While the previous chapter explored some properties of the α-agreement measure, this chapter adds comparisons with other coefficients. It sketches α’s lineages but focuses mainly on its relationships with other measures, most of which do not go much beyond the simplest αs introduced in Chapter 2. Single-valued nominal agreement coefficients for predefined units are by far the most widely used and hotly debated coefficients, starting with percent agreement.

Percent agreement is widely understood and therefore frequently used. However, not only is it limited to just two observers, its scale between 0 and 1 or 100% has no clear reliability interpretations which is why so-called chance-corrected agreement coefficients were proposed.
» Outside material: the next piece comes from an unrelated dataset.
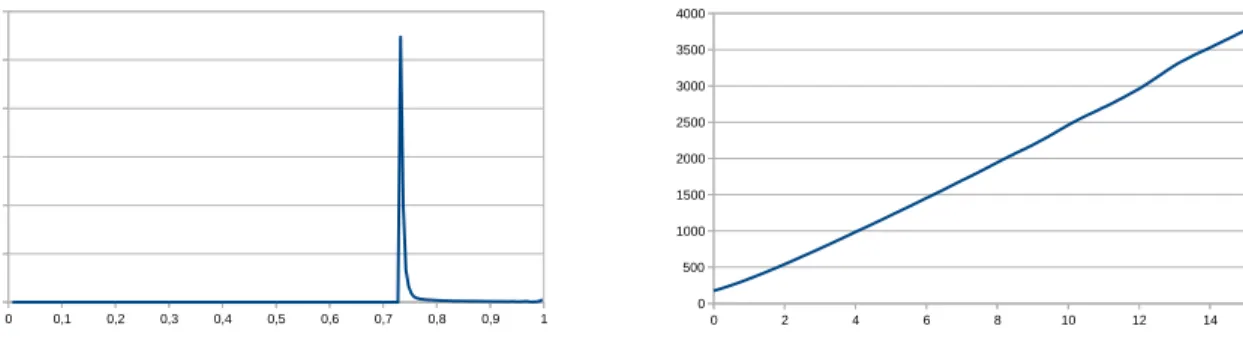Figure 4. Profile of the population density at t = 15 (left) and time history of m −4/3 2 (right) with initial condition f 1 in (x) = 2 × 1 1/2 ≤ x ≤ 1 .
However, in the literature, chance has no universal definition. Relating percent agreement to diverse conceptions of chance yields diverse measures that share merely their name (and their applicability to two observers categorizing a common set of units). To explore what they could say about the reliability of data this chapter compares five prototypes: Bennett et al.’s (1954) S whose conception of chance is related to the number of categories available; Cohen’s (1960) κ whose conception of chance is the statistical independence of two observers; Gwet’s (2008) AC 1 which aimed at avoiding Feinstein and Cicchetti’s (1990) paradoxes; and Scott’s (1955) π, which is closely related to the fifth, Krippendorff’s α in this simple form.

The chapter ends with a table summarizing what each of these plus a few other coefficients measure or fail to respond to and the conditions under which they happen to apply to the reliability of data.